• [Description of the task]: Each line from the one containing "Poêle à Pancake" to the end of the data must be copied exactly, the first and last included; no other lines and no pictures belong in the copy.

• [Study material]:

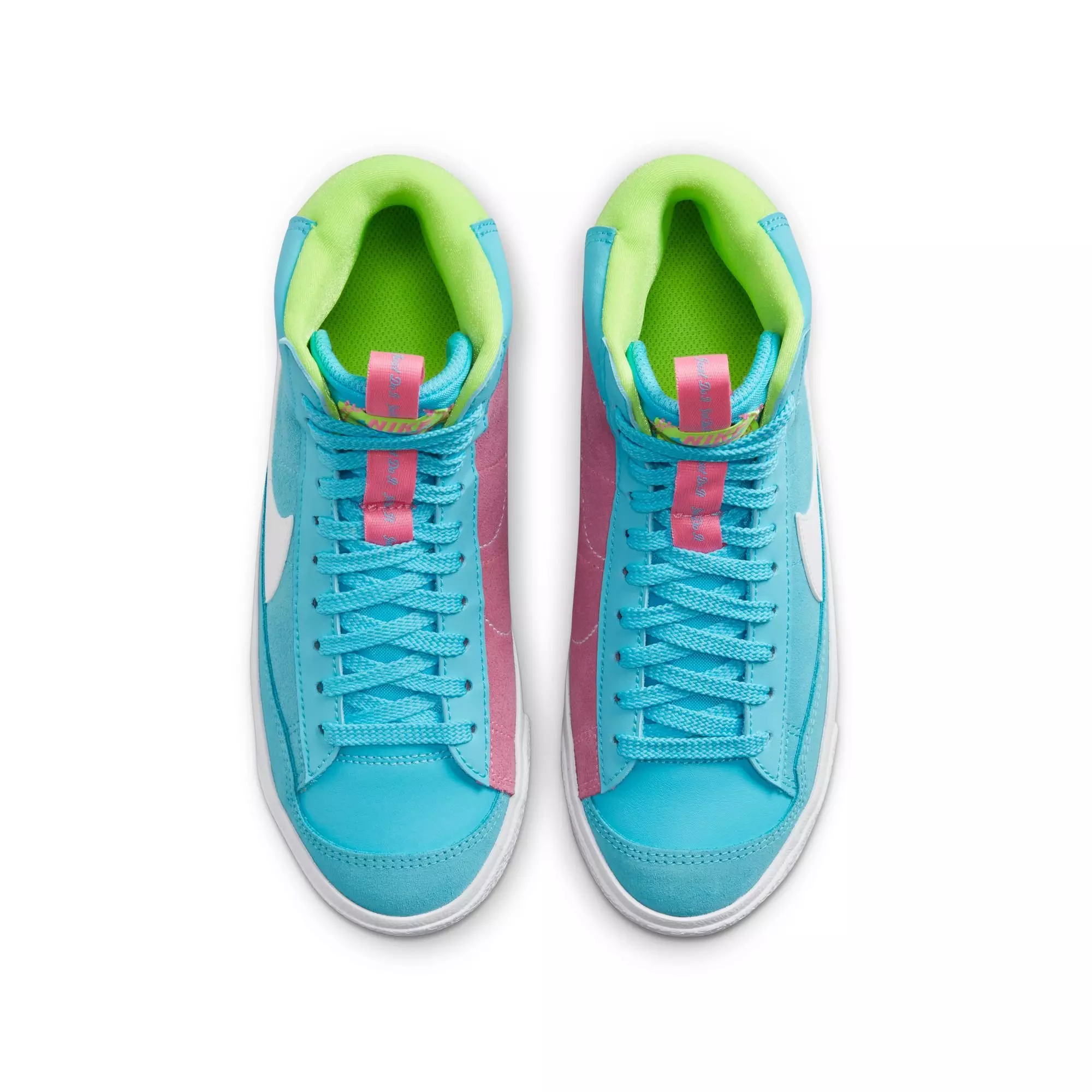 Nike Blazer Mid '77 "Baltic Blue/White/Pink Glow/Volt" Grade School Girls' Shoe - BLUE/PINK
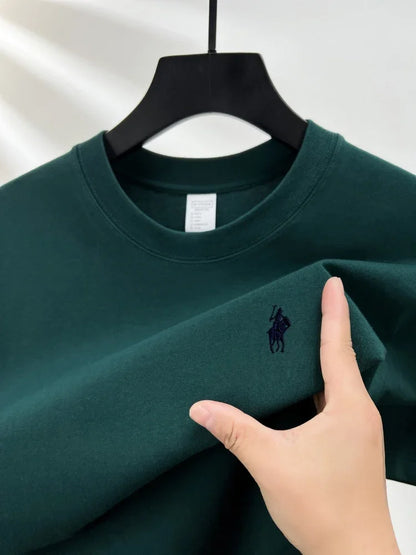 Luxury brand short sleeve men's round neck T-shirt summer fashion classic pony embroidery design 100cotton breathable casual top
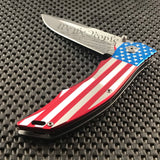 8.75" MTech USA Flag We The People Eagle Stainless Steely Pocket Knife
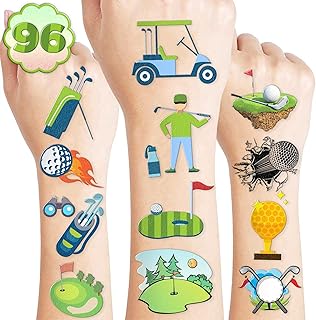 96PCS Golf Pre-Cut Temporary Tattoos for Kids - Sport-Themed Party Favors, Perfect for Birthday Parties, School Prizes, and Classroom Gifts for Boys & Girls (Normal)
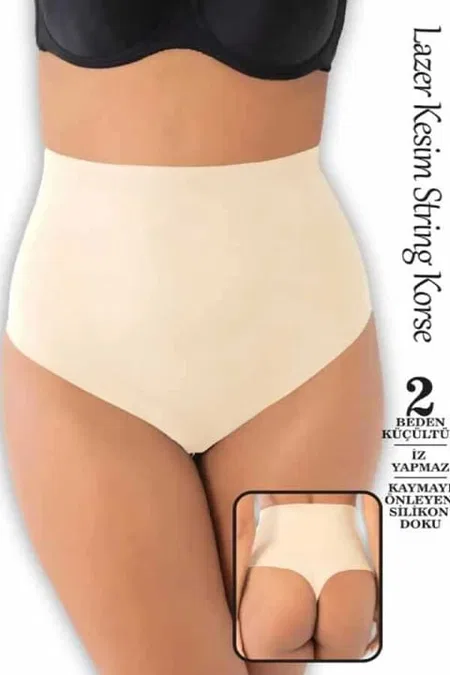 Yüksek Bel Lazer Kesim String Korse Form Angel 3014 - Ten
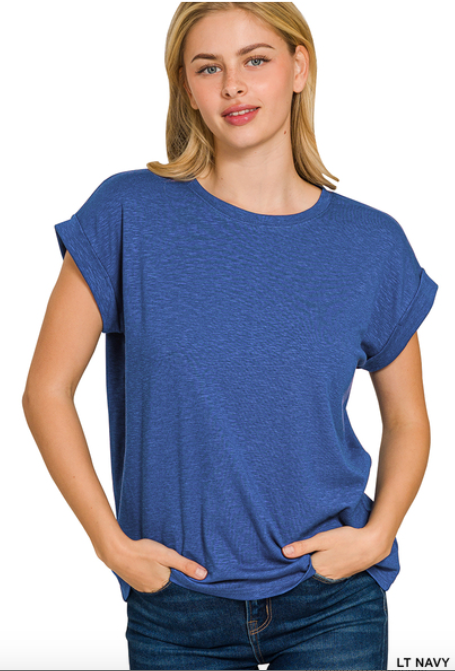 Modal Rolled Sleeve Top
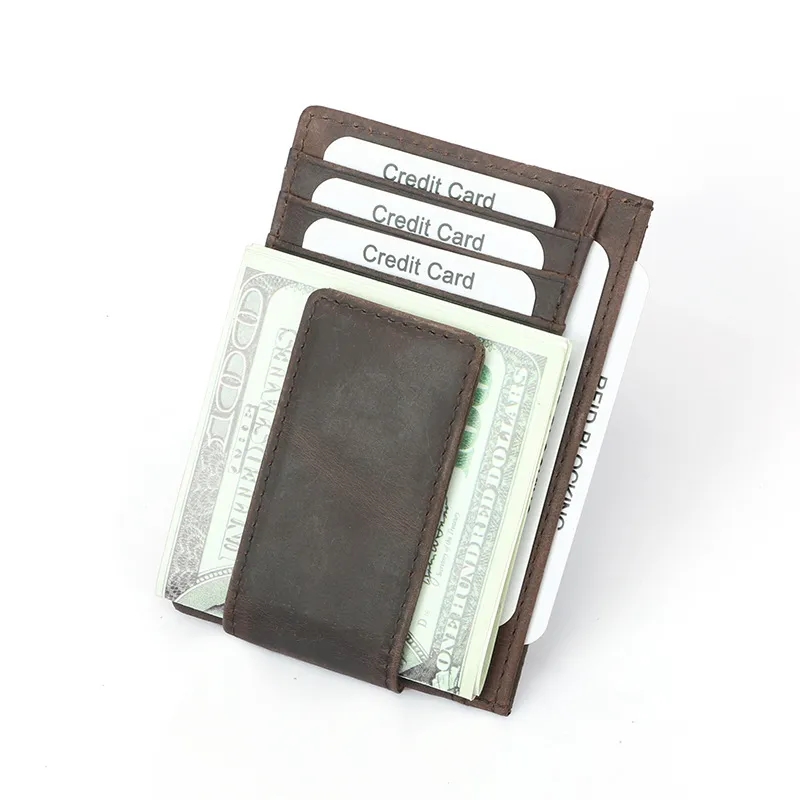 RFID Blocking Leather Card Holder Slim Front Pocket Wallet 7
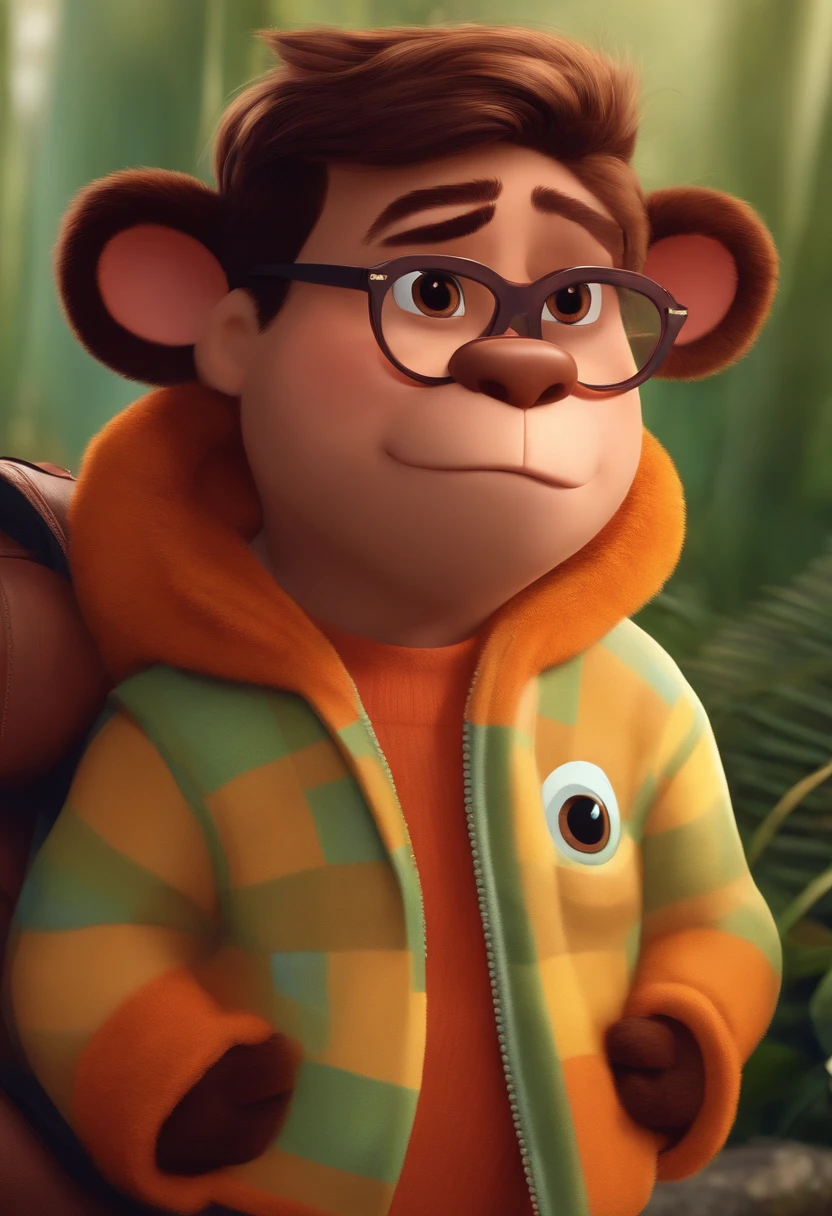 Menino estilo desenho animado, Pixar, wearing round glasses, segurando um urso de pelucia, roupa de escoteiro,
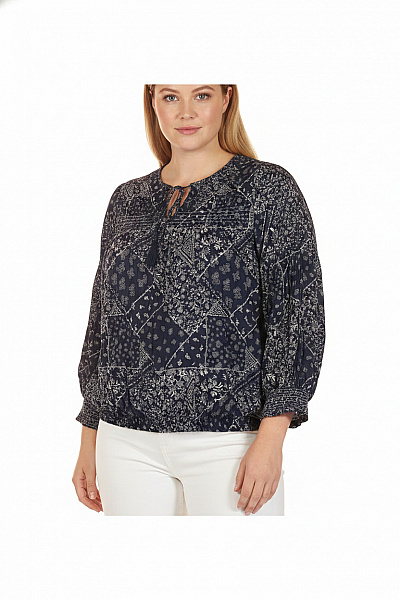 Marks & Spencer Dámská Halenka S Dlouhým Rukávem A Potiskem Boho Velikost EU 44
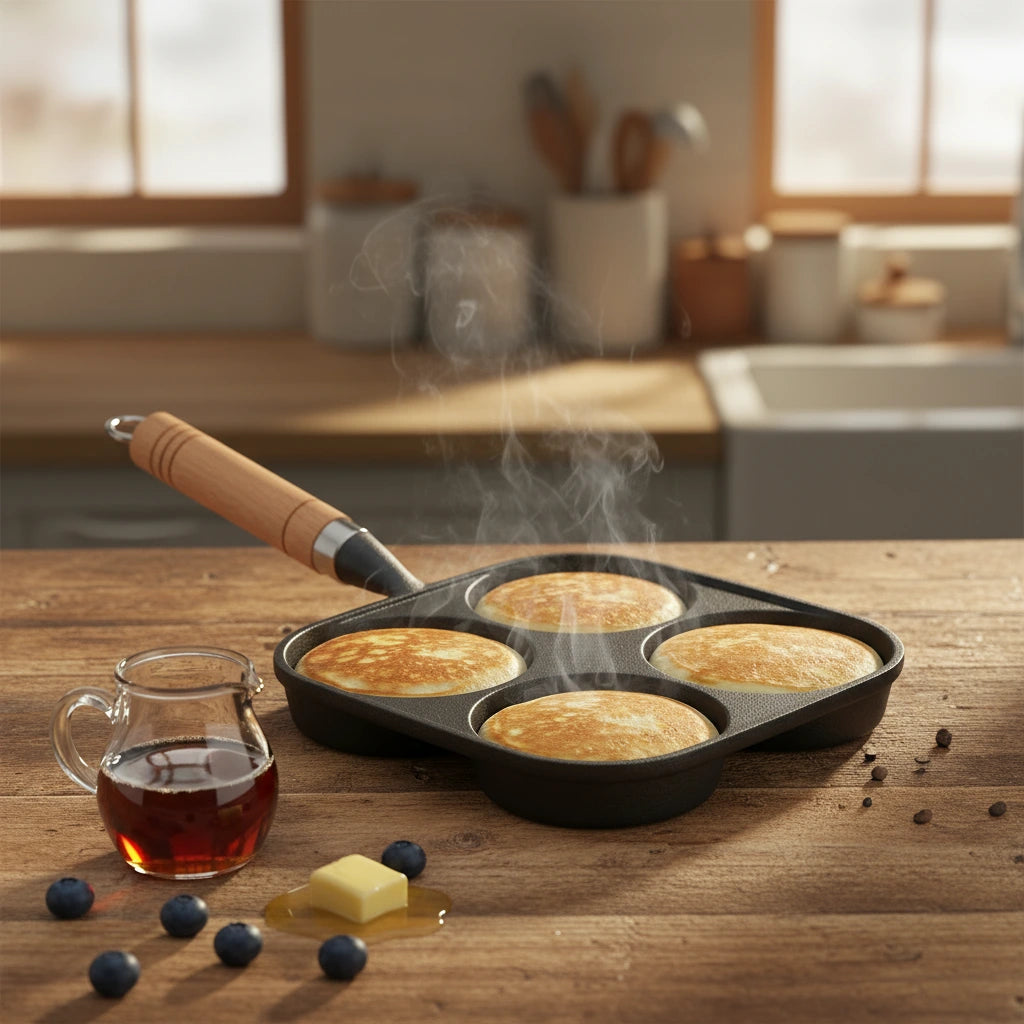 Poêle à Pancake en Fonte 4 Compartiments : pancakes fumants avec sirop et myrtilles.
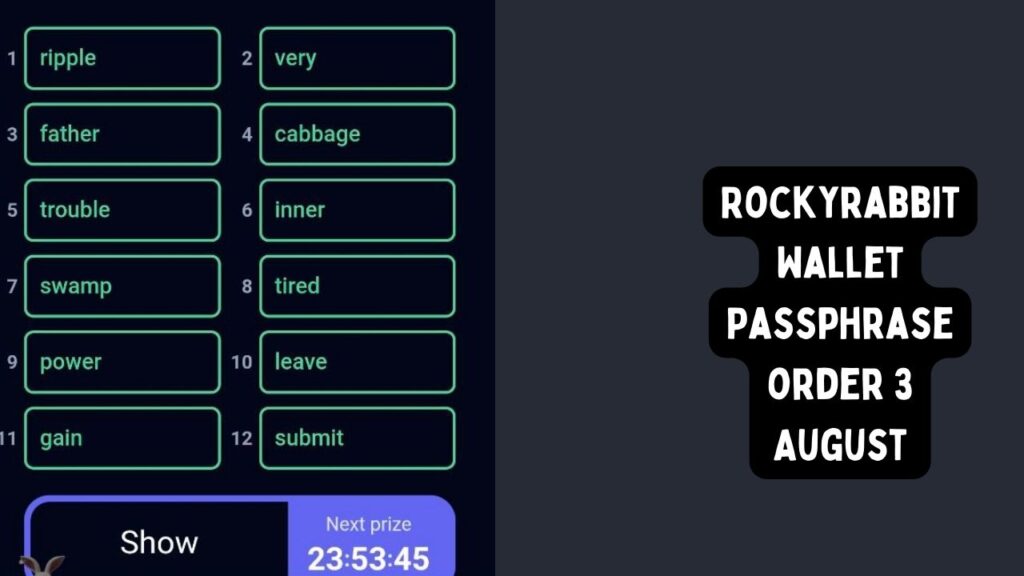 Rockyrabbit Wallet Passphrase order 3 August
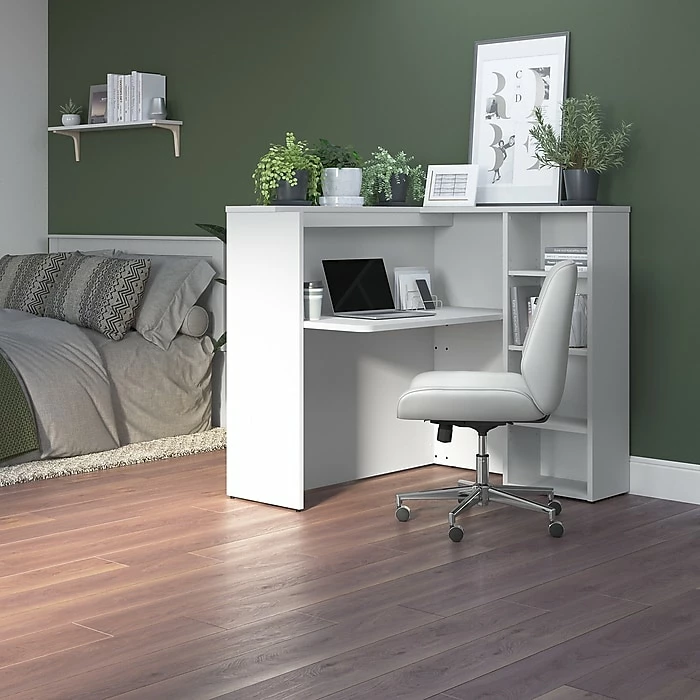 Bush Business Furniture Studio C 48"W Privacy Desk With Shelves, White (SCD248WHK) - Image 2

• [Answer for the task]:
 Poêle à Pancake en Fonte 4 Compartiments : pancakes fumants avec sirop et myrtilles.
 Rockyrabbit Wallet Passphrase order 3 August
 Bush Business Furniture Studio C 48"W Privacy Desk With Shelves, White (SCD248WHK) - Image 2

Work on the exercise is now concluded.